Why It Might Not Win
Burma VJ didn’t win either. The Academy likes polished and affecting, but not necessarily only one of the two. Powerful human rights films have won in the past, but in recent years the winners have all been much more primped than 5 Broken Cameras. It’s also politically challenging and perhaps controversial, not necessarily due to its content but due to how it has been spun. It won’t be a consensus title.
The Gatekeepers
Why It Was Nominated
While 5 Broken Cameras takes something that we had all read about and gives it immediacy, The Gatekeepers is actually creating news. These interviews with the former heads of Shin Bet, Israel’s security agency, are important and revelatory documents in the history of the occupation of the West Bank. The dedication and skill of Dror Moreh in getting these men to talk shines through and is certainly worthy of awards consideration.
Why It Might Win
The Academy has gone for this sort of film before, most notably giving the Oscar to Errol Morris for The Fog of War, the most obvious influence on The Gatekeepers. This is bold, high quality work and it’s much more polished than 5 Broken Cameras. It could swoop in and take the prize.
Why It Might Not Win
However, it might be too tough to take. It ends on a profoundly negative note, with rhetoric that might rub some Academy members the wrong way. It’s challenging to the entire way that many Americans have perceived the occupation of the Palestinian Territories, and while it is occasionally timid in its handling of its interview subjects, it is nothing but direct and brutal regarding the failures of certain former Prime Ministers. It could easily be too much to take.
How to Survive a Plague
Why It Was Nominated
It’s heartbreaking, inspiring, and historic without even a second of exaggeration or condescension. David France’s work is a triumph of editing and assembling archival footage, a thoroughly told historical narrative and an ode to some of America’s most undervalued heroes. It’s among the best films nominated in any category.
Why It Might Win
The Academy loves all of those things, of course.
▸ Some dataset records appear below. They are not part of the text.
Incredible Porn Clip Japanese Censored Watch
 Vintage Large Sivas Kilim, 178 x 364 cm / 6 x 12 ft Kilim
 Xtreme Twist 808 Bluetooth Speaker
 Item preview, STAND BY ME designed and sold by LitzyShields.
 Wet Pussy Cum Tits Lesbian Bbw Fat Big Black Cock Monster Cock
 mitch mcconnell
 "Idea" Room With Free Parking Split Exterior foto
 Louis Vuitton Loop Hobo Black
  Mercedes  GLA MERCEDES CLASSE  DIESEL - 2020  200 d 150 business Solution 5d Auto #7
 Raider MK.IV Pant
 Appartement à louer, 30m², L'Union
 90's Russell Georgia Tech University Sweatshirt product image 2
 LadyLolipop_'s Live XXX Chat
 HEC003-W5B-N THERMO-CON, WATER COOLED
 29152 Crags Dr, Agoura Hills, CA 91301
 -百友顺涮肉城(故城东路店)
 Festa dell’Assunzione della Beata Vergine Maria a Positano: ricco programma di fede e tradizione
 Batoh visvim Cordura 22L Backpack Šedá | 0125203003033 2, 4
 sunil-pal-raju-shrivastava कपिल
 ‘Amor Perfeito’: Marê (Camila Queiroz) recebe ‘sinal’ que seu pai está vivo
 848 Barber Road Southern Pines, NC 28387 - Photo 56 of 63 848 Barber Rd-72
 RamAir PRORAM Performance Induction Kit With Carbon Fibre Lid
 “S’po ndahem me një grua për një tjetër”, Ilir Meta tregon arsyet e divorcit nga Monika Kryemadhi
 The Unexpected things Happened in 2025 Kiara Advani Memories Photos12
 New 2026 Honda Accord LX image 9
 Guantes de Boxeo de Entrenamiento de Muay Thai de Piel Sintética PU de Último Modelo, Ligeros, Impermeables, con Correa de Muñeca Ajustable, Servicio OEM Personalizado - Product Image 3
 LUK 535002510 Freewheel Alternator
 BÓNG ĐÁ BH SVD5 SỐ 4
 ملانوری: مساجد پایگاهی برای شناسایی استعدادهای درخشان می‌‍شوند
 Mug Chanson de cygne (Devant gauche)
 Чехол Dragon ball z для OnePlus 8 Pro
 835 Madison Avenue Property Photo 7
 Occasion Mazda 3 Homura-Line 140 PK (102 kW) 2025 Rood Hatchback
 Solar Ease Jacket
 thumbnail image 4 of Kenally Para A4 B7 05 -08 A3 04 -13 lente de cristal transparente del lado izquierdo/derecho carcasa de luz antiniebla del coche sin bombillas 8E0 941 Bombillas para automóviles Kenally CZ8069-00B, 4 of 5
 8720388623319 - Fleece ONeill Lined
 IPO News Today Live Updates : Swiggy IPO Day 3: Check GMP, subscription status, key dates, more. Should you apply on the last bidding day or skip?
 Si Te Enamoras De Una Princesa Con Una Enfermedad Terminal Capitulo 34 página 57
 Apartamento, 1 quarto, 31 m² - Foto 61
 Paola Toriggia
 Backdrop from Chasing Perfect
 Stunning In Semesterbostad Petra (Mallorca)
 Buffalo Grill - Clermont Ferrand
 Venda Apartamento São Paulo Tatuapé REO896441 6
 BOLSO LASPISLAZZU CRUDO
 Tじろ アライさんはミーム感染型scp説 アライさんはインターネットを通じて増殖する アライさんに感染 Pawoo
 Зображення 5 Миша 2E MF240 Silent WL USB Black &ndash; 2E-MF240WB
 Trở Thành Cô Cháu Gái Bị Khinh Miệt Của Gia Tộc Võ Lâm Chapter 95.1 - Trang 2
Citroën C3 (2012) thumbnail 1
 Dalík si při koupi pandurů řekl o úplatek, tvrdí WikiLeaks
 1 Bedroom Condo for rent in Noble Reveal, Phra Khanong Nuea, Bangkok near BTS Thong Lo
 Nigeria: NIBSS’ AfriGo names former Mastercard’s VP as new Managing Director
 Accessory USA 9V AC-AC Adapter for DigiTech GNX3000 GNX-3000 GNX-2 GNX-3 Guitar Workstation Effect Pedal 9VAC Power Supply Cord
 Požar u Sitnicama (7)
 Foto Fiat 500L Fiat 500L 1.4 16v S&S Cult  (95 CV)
How to Survive a Plague is both infuriating and life-affirming, depressing enough to win but not so depressing that it ruins the mood of some more easily bothered Academy members.
Why It Might Not Win
This may seem cynical, but in recent years when the Oscar has gone to issue films, it has gone to current issue films. How to Survive a Plague ends almost too optimistically about the end of the worst of the AIDS epidemic in the United States. Its single weakness might be its lack of urgency. The Cove, An Inconvenient Truth and Inside Job all end with immediate, present demands.
The Invisible War
Why It Was Nominated
Kirby Dick’s in-depth exposé on sexual harassment within the military is an extremely important American film, the necessity of which was even recognized by Secretary of Defense Leon Panetta. It’s both emotionally affecting and politically invigorating, anger-inducing without being an angry film.
Why It Might Win
It’s the issue film about the United States, giving it a home town urgency that 5 Broken Cameras and The Gatekeepers don’t have. The endorsement of Panetta lends it an air of movement and change, perhaps enough to whisk it into victory.
Why It Might Not Win
I know I keep saying this, but it might be too much to take. Inside Job was about abuses of math and money, The Cove was about the faraway slaughter of animals, and An Inconvenient Truth was a PowerPoint presentation. The Invisible War takes one of America’s most essential institutions and essentially accuses it of silently abetting rape. It could come as too much of a shock.
Searching for Sugar Man
Why It Was Nominated
The music is great and it gives you the warm fuzzies. That’s the essence of its success. Sure, it makes claims as to the historical importance of Rodriguez in the fall of Apartheid and includes the context of declining Detroit, but both of those are mostly just there to support the emotional oomph. Neither of them are particularly well explored as political or economic stories in the film. Searching for Sugar Man is here because it puts people in a good mood.
Why It Might Win
Simply put, it’s been winning everything. It just picked up the BAFTA, it won the Critics’ Choice, it won the PGA. It’s practically unstoppable at this point.
Why It Might Not Win
The Academy is different. They like serious documentaries about important issues, or at least we think they do. That’s why Inside Job beat Exit Through the Gift Shop. I don’t know which of the four more serious films would win it, but if Sugar Man loses it will be for this reason.
What Will Win: At this point it’s become almost painfully obvious. Searching for Sugar Man is poised to take the Oscar without much difficulty. The competition is stiff, but there isn’t one film that has rallied enough support to sneak up from behind. Everyone get ready for the inevitable Rodriguez biopic, starring Johnny Depp.
What Should Win: This one is more difficult. Personally, I think every other film on this list is more awards worthy than Searching for Sugar Man, but what do I know. Of the four, I think I would give a slight edge to How to Survive a Plague. It’s probably the one with the best chance of surprising Sugar Man, and it’s the best of the bunch. It’s stuck with me in the profoundest of ways, as I remember its moments of deep sadness, righteous anger and great relief.